Currently, pass AddDiscriminators always skips intrinsic calls.
This approach makes sense for DbgInfoIntrinsic calls (and potentially many other classes of intrinsics). However, it may be problematic in some cases for MemIntrinsic calls as demonstrated by the following example.

;;
%struct.B = type { %struct.A, i32 }
%struct.A = type { i32, i16 }

@g_b = external global %struct.B, align 4

define i32 @foo(i32 %cond) #0 !dbg !5 {
entry:

%g_b.coerce = alloca { i64, i32 }, align 4
%tobool = icmp ne i32 %cond, 0, !dbg !7
br i1 %tobool, label %cond.true, label %cond.end, !dbg !7

cond.true:

%0 = bitcast { i64, i32 }* %g_b.coerce to i8*, !dbg !8
%1 = bitcast %struct.B* @g_b to i8*, !dbg !8
call void @llvm.memcpy.p0i8.p0i8.i64(i8* %0, i8* %1, i64 12, i32 4, i1 false), !dbg !8
%2 = getelementptr inbounds { i64, i32 }, { i64, i32 }* %g_b.coerce, i32 0, i32 0, !dbg !8
%3 = load i64, i64* %2, align 4, !dbg !8
%4 = getelementptr inbounds { i64, i32 }, { i64, i32 }* %g_b.coerce, i32 0, i32 1, !dbg !8
%5 = load i32, i32* %4, align 4, !dbg !8
%call = call i32 @bar(i64 %3, i32 %5, i32 33), !dbg !8
br label %cond.end, !dbg !7

cond.end: ; preds = %entry, %cond.true

%cond1 = phi i32 [ %call, %cond.true ], [ 42, %entry ], !dbg !7
ret i32 %cond1, !dbg !9

}
;;

Where:
!6 = !DISubroutineType(types: !2)
!7 = !DILocation(line: 16, column: 16, scope: !5)
!8 = !DILocation(line: 16, column: 23, scope: !5)
!9 = !DILocation(line: 17, column: 3, scope: !5)
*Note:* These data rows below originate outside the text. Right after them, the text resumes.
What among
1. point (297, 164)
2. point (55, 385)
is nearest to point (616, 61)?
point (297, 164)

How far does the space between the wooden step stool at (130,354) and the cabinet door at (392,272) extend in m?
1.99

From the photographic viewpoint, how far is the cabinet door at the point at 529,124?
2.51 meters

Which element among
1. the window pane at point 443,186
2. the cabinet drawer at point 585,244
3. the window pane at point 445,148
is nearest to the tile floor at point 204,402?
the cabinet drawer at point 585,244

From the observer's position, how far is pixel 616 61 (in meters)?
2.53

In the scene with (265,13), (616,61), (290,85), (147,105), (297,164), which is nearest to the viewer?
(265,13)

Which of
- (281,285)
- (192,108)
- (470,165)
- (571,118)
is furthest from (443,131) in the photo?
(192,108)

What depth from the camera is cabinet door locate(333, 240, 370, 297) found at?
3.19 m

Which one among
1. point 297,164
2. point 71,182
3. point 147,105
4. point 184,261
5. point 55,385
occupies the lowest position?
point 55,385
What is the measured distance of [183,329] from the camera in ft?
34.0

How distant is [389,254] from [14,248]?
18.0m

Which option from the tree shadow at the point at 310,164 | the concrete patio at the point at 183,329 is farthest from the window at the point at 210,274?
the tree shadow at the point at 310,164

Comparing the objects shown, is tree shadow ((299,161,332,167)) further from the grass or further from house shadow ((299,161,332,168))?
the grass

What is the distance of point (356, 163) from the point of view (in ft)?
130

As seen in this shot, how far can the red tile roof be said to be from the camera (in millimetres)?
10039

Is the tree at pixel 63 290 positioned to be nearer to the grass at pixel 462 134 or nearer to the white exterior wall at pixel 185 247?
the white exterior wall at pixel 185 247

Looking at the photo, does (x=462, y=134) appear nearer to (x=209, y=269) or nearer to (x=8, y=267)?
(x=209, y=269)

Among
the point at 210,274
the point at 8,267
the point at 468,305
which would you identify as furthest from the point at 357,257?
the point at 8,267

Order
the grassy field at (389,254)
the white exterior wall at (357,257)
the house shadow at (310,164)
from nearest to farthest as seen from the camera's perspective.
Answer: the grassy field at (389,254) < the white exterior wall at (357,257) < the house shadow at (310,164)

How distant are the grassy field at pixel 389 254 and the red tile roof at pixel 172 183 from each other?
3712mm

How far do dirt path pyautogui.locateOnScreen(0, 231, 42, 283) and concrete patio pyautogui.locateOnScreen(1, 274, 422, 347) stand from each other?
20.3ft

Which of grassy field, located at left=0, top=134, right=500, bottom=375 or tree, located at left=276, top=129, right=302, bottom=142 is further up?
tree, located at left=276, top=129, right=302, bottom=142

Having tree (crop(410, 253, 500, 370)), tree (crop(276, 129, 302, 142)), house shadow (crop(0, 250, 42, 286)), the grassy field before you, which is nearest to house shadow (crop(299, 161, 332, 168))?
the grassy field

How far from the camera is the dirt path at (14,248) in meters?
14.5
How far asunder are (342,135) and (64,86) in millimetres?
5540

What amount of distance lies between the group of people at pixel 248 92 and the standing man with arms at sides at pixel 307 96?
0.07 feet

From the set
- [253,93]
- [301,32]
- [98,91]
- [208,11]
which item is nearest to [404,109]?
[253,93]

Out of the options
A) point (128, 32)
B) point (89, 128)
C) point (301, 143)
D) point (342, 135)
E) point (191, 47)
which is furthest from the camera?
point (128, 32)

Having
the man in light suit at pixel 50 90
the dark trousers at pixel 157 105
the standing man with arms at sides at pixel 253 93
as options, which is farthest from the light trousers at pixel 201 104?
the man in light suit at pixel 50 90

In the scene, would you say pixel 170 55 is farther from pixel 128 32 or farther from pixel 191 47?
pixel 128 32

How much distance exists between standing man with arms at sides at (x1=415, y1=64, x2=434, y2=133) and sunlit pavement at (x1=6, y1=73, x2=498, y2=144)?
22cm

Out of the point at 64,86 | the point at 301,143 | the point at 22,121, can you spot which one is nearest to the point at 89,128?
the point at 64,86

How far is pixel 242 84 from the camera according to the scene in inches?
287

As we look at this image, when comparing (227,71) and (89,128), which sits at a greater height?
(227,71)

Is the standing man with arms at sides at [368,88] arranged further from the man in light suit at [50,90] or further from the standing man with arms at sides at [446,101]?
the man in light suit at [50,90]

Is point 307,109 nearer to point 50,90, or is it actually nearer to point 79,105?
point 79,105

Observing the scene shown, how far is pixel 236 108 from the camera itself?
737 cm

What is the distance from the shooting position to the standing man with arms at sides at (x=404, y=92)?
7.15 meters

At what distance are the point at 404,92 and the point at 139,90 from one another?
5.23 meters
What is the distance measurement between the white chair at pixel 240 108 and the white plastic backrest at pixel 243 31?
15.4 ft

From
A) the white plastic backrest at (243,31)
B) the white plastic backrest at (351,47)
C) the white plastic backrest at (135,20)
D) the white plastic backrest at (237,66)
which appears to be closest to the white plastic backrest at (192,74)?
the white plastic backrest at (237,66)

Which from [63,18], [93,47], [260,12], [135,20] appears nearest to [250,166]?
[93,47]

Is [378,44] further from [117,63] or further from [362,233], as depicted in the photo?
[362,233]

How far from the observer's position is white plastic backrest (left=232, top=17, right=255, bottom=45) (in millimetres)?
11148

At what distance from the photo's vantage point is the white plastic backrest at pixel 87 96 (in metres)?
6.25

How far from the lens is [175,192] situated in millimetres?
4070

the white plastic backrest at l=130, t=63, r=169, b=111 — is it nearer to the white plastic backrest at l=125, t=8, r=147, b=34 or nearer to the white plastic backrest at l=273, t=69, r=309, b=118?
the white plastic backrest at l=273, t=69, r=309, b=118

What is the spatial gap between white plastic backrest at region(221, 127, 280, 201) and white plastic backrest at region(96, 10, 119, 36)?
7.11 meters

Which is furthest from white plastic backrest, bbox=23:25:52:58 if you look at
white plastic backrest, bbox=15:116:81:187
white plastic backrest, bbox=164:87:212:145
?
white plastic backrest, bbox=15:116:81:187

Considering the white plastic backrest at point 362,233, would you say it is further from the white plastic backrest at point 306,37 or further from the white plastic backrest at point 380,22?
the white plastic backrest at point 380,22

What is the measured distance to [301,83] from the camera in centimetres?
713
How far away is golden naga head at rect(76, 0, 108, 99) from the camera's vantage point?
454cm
Here, global variable g_b is passed by copy to function bar. That copy is located on the stack (alloca %g_b.coerce), and it is initialized by a memcpy call. It turns out that the copy can be fully bypassed, and each load fro %g_can be safely rewritten as a load from %g_b.

This is what SROA would do in this example. Our original alloca %g_b.coerce is firstly split into two (smaller disjoint) slices: slice [0,8) and slice [8, 12). Then users of the original alloca are rewritten accordingly.
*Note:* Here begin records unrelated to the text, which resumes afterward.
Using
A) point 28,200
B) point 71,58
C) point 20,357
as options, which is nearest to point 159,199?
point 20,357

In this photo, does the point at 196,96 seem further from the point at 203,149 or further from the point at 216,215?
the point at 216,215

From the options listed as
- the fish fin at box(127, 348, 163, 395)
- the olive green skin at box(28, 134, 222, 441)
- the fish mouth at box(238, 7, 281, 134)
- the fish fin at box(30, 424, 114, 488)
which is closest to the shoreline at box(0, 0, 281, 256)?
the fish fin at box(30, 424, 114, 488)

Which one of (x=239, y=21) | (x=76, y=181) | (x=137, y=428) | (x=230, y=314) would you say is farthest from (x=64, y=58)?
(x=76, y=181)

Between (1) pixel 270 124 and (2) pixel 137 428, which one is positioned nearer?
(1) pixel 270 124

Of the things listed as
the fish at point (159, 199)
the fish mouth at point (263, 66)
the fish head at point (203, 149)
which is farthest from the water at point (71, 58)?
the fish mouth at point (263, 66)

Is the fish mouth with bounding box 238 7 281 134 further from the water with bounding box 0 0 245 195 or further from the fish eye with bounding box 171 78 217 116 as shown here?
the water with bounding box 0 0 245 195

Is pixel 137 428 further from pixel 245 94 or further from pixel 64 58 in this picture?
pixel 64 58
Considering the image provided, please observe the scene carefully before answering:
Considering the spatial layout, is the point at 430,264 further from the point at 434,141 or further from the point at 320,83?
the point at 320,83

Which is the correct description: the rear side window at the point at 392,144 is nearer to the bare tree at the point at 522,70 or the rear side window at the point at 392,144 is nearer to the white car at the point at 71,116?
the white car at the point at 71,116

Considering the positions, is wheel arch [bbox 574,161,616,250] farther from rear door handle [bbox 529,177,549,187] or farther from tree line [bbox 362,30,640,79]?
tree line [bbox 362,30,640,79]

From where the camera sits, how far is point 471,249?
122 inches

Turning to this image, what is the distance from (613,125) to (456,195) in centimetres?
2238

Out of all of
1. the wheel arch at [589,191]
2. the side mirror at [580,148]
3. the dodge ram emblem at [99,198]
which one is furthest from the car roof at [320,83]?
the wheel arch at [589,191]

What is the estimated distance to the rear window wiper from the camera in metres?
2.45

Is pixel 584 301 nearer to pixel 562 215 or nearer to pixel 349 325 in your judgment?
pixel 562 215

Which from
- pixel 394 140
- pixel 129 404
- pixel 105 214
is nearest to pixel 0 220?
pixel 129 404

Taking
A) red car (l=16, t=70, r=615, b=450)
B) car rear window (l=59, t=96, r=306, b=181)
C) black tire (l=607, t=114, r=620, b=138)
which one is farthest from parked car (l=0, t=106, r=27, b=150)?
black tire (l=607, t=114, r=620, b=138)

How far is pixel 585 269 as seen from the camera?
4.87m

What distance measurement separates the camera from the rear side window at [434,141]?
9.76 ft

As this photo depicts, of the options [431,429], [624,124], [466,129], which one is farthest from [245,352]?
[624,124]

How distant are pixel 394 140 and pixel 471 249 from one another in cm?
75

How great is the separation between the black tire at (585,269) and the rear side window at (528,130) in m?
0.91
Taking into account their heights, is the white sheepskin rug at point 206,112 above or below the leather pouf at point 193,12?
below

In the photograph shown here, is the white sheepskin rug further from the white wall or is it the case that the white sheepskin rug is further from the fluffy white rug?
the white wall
The initializing memcpy intrinsic call is therefore rewritten as two pairs of loads and stores (one per each new slice of the alloca). Each load/store pair inherits the debug location from the original memcpy call. A later mem2reg pass bypasses stack load %3 and stack load %5 by propagating the new loads generated during the alloca partitioning stage.

However, pass AddDiscriminators (which is run before SROA) didn't assign a discriminator to the intrinsic memcpy call, and therefore the loads obtained from partitioning the alloca have been attributed to a debug location which hasn't been updated with a discriminator.

Test memcpy-discriminator-2.ll is a minimal reproducible obtained from an internal codebase.
In the original code, the "then" portion of the select statement was extremely cold according to the profile. However, SampleProfile ended up attributing a very large weight to the "then" block due to the absence of a discriminator on the load instructions at the end of sroa.
As a consequence, the branch weight metadata for the conditional branch incorrectly reported a too big number for the "then" block (later on, this led to a sub-optimal block placement).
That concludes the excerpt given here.